> **Required action**: Below is a listing with pictures in it; transcribe exactly the lines from the one that has "Mermaid Photography: divider 2" through the one that has "Dyscia (Iberafrina) penulataria", and omit those pictures.

> **Material shown**:
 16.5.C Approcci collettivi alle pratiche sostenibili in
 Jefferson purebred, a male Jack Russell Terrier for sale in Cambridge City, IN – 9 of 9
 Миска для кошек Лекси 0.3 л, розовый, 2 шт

--

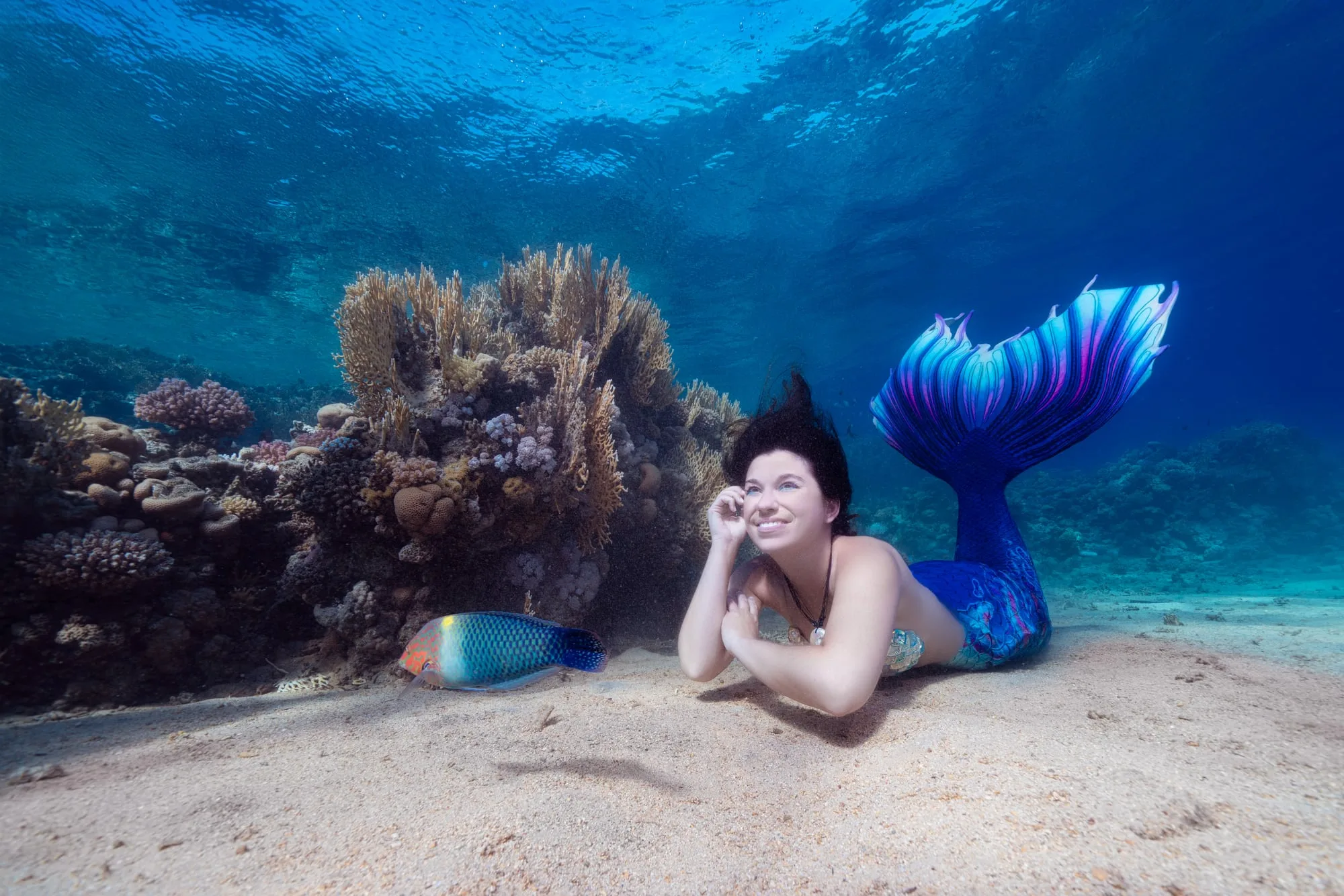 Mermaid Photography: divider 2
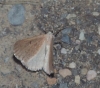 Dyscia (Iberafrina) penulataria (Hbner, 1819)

> **Your response**:
 Mermaid Photography: divider 2
 Dyscia (Iberafrina) penulataria (Hbner, 1819)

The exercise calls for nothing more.